Son père, Charles de Jacquelot du Boisrouvray travaille pour le Cnep (Comptoir National d'Escompte de Paris) l'ancêtre de la B.N.P. Au gré des mutations, il va de ville en ville : Chantilly, Alençon, Orléans, Saint-Quentin, Dijon.  Fernand du Boisrouvray naîtra à Chantilly le 26 septembre 1934.  Si, pour Charles de Jacquelot du Boisrouvray, la banque est un travail, certes intéressant, la chasse est sa passion : presque exclusivement le petit gibier.

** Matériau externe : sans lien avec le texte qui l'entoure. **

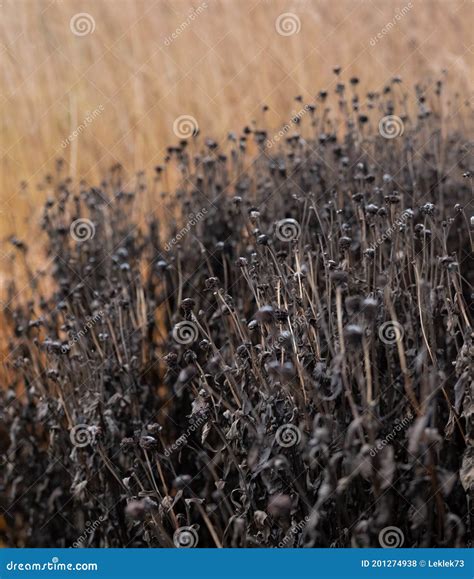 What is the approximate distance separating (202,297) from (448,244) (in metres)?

Fernand, l'aîné de la famille, emboîte le pas de son père qui lui prodigue les premiers enseignements.  La chasse en plaine dans la région d'Orléans, si propice à ce mode de chasse.  Fernand reçoit des mains de son père sa première carabine avec laquelle il tirera son premier lapin.

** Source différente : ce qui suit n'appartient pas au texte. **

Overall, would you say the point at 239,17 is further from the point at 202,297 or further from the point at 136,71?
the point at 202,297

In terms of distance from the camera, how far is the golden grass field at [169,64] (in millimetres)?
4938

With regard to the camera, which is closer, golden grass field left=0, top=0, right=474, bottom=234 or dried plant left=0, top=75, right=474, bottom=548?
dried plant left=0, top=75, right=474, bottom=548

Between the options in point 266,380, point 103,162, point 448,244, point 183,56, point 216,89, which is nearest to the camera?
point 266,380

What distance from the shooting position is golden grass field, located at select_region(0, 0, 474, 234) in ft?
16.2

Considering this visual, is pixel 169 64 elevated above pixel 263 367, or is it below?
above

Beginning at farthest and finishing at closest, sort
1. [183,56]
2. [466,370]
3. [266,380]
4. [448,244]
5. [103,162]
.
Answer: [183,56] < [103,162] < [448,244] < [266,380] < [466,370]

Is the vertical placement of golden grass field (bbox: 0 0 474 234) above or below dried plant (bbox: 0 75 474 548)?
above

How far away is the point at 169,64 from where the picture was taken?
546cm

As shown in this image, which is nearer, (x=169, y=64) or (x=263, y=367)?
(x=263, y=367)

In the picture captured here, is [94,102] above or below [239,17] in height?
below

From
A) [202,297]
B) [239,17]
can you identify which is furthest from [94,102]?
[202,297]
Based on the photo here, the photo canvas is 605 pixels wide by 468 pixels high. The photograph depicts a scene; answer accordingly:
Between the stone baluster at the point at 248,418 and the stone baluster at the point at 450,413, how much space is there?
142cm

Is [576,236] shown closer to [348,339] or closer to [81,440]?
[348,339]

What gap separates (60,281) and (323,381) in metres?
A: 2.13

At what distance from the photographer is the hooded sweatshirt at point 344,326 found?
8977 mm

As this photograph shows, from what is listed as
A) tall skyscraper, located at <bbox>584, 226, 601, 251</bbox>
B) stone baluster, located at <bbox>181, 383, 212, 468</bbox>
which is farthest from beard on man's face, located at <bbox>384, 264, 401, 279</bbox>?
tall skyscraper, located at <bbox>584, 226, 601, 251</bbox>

Paradoxalement par rapport à cette prime éducation cynégétique, Fernand du Boisrouvray se passionnera - beaucoup plus tard - presque exclusivement pour la chasse au grand gibier et notamment pour le Cerf " tout lion à l'avant, tout lévrier à l'arrière".
La famille installée à Saint-Quentin (Aisne), Fernand du Boisrouvray part à Paris effectuer ses études supérieures.  Après trois ans d'étude , il est diplômé d'H.E.C. en 1958.  C'est à cette
époque que Pierre de Provenchères, lui-même étudiant à H.E.C., lui fait rencontrer son ancien condisciple de l'école Sainte-Geneviève de Versailles, Philippe Joyaux, célèbre à peine plus tard dans les cercles intellectuels parisiens sous le nom de Sollers.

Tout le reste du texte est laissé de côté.